We take some of the things we know for granted, so dictating basics like median survival, basic outline of plan of care (palliative, curative, etc), and number of fractions they told me is very helpful for their inpatient service. I've had things like T4 disease be mis-interpreted by good internists as stage IV, incurable when that wasn't the case.

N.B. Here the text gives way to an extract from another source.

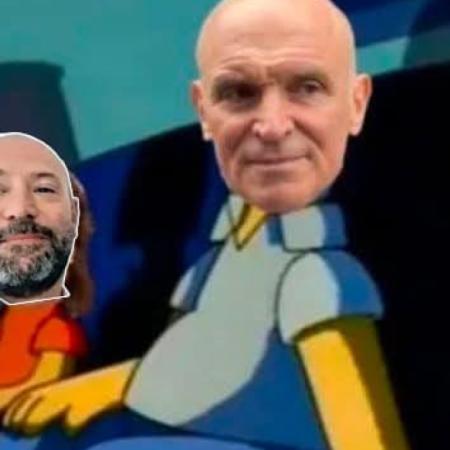 Los memes por Adorni no aflojan: "piquetes" en Caballito y el country Indio Cuá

Other times I had to explain that a solitary brain met from well controlled ER positive breast cancer was not an immediate death sentence...and these were to very good interenists, they just have to take care of such a broad scope of patients it's hard for them to know oncology stuff.

Where I see the most out-of-whack care that surprises me is community general surgeons...cutting on sarcomas without biopsy first, excisional biopsies of breast lesions, surgery for anal cancers... not really understanding cancer care well at all but dabbling in it.

To some extent, I've seen similar things to the bolded especially, but when a surgeon sees an abdominopelvic mass in a young female, thinks it's psuedomyxoma peritoneii and cuts it out, and oops it's a combination well/dediff liposarcoma with positive margins everywhere, including along the aorta/IVC, and now RT is impossible b/c of no protection of the intestine.

The worst though is when people get an excision biopsy of a skeletal lesion, it's sarcoma, then there's NO imaging done prior to re-resection. Invariably leads to positive margins everywhere and a giant defect.
Like, if you get a sarcoma either refer it out or know how to stage it and treat it at least somewhat well.
 
Lol, just want to say IM at places like MGH can be more competitive than Radonc at similar places from what I was told. Are IM docs in your institution that much worse?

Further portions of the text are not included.